El efecto Ikea en tus decisiones financieras
- Alberto Tovar
- hace 1 hora
- 2 Min. de lectura

Hay un mueble que uno arma y, a pesar he haber quedó chueco y con alguna pieza sin embonar, lo defiendes y lo mantienes en casa. Cada vez que lo ves recuerdas el tiempo, el esfuerzo y la paciencia que te exigió. A ese fenómeno, en la economía conductual, se le conoce como “efecto Ikea” y puede traer consecuencias serias o volverse una herramienta útil, según la manera en que lo gestiones.
Desde la psicología económica se ha documentado que las personas tendemos a sobrevalorar aquello que construimos con nuestras propias manos. El hallazgo resulta revelador por lo que influye en las decisiones.
Pasa, por ejemplo, cuando una compra se complicó desde el inicio. Deshacerse del activo cuesta y se prefiere seguir pagándolo a crédito, aunque el costo financiero resulte desproporcionado frente al beneficio actual.
En las inversiones ocurre algo similar al destinar largas horas en investigar y elegir una opción. El instrumento deja de ser solo una vía de rendimiento y se convierte en una valoración sobre nuestro propio criterio, por lo que reconocer un error pega en el orgullo y la decisión se defiende más de lo razonable.
El fenómeno aparece con frecuencia en negocios personales que dejaron de ser rentables, o que nunca lo fueron. Se sostienen por lo que costaron y cerrarlos se vive como derrota, cuando muchas veces representa un paso necesario para avanzar.
Un primer antídoto consiste en separar identidad y resultado. Lo valioso fue el aprendizaje, más que la decisión en sí. Si hoy, con la información disponible, elegirías distinto, ese dato merece atención y te orienta.
Hasta aquí, el efecto Ikea luce como un obstáculo. Sin embargo, tiene una segunda cara menos explorada y, bien utilizada, puede jugar a favor.
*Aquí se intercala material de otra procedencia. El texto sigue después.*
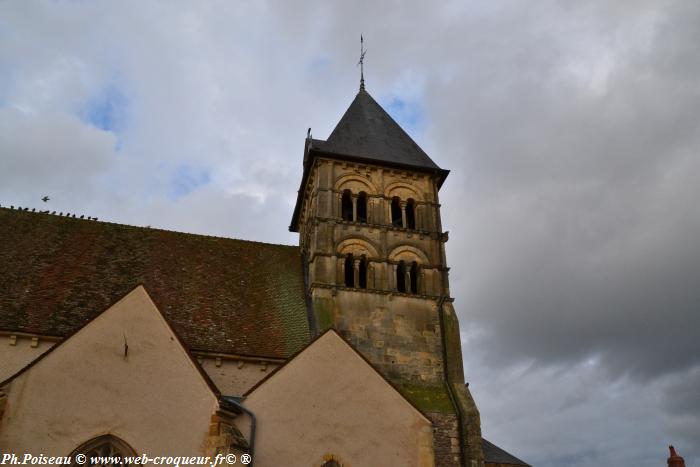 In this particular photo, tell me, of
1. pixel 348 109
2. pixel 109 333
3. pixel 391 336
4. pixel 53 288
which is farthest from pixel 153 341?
pixel 348 109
Si el esfuerzo genera apego, el objetivo es construir compromisos inteligentes. En finanzas personales muchos hábitos fallan porque nacen sin ese involucramiento.
Si dedicas tiempo a elaborar un presupuesto y planeas con calma dónde ajustar, aumentan las probabilidades de cumplirlo. Algo parecido ocurre con el ahorro. Si reuniste un patrimonio, por pequeño que sea, tiendes a protegerlo y a fortalecerlo.
Lo mismo sucede con el seguimiento. Registrar gastos, aunque sea de forma sencilla, exige presencia. Ese esfuerzo cotidiano crea una relación distinta con el dinero. Hablo de involucramiento, más que de control.
Es importante reconocer que la participación personal cambia la manera en que valoramos las cosas. Ese mecanismo, cuando se deja suelto, empobrece decisiones y al encauzarlo, ayuda a sostener mejores hábitos.